The Italian Grand Prix was a somewhat boring race, which ended in the poorest of circumstances.
As Max Verstappen crossed the line to claim his fifth consecutive victory, he was met with a wave of boos from the Tifosi, due to the race finishing behind the Safety Car.
A Safety Car was deployed on Lap 47/53 following Daniel Ricciardo stopping his MCL36 between the two Lesmos.
The marshals attempted to push the McLaren to safety; however, due to it being stuck in gear this wasn’t possible.
The car required a tractor to lift it into a safe spot, which, of course, extended the duration of the Safety Car considerably.
By the time the Honey Badger’s car was in a safe spot, Verstappen had started the penultimate lap of the race, meaning there was insufficient time for the race to be restarted correctly.

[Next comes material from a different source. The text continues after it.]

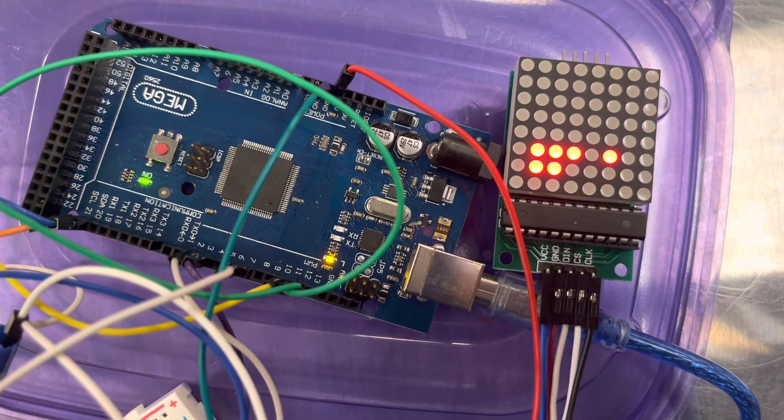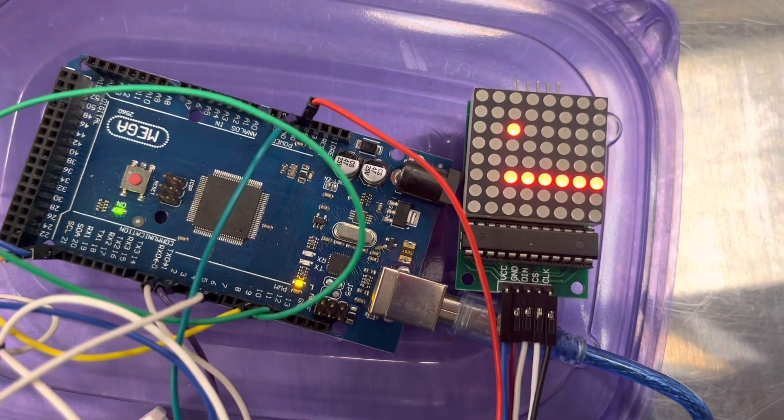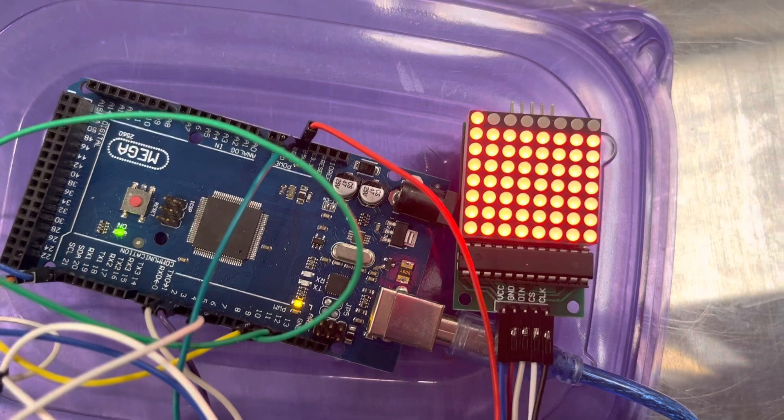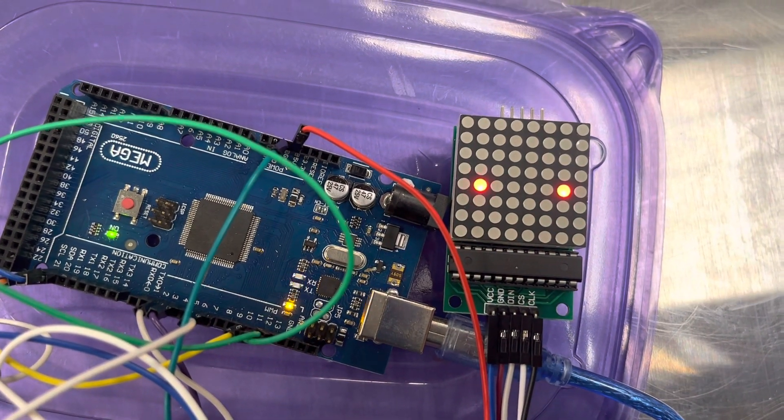I'm also not sure if you can hear it, but there's a buzzer going off. And then when you lose, it plays the reset screen, and it plays the score down there, and then it restarts.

Whilst fans and some team members were left extremely disappointed with race director Niels Wittich, Toto Wolff and Sir Lewis Hamilton both praised him for following the rulebook to a tee, something which didn’t happen at the 2021 season finale.
McLaren boss Andreas Seidl also praised Wittich for doing the “right” thing.
“In the end, race control simply applied the rules that exist, and that’s right,” he told RTL.
Seidl went on to say that it was the teams’ fault that the race ended behind a Safety Car, after explaining that the team principals couldn’t come to a decision on how to end races following a meeting after the controversial 2021 finale in Abu Dhabi.
“I think we should remember that after the events in Abu Dhabi there was a lot of discussion between the FIA, Formula 1 and all the teams involved to see how the rules can be changed to ensure races never end under a safety car, for example,” Seidl said.
“But although the FIA and Formula 1 really pushed us all to find solutions, it was up to us as teams. And pretty much all the teams didn’t agree to any change because we couldn’t agree on a better solution that is also sportingly fair.
“That’s why I think we just have to accept that unfortunately situations like this can happen,” the McLaren team principal added.
“In the end we voted for the rules to stay as they are – and as far as I can remember every single team voted that way. That’s why I think we should close the issue.”
Wolff is eager for the teams to put their “heads together” and find a better solution on how to end races where an incident has neutralised proceedings, something he would “vote for”.
“We have to put our heads together at the end of the season and discuss such scenarios,” said the Austrian.
“If we change this rule, I will immediately raise my hand and vote for it.”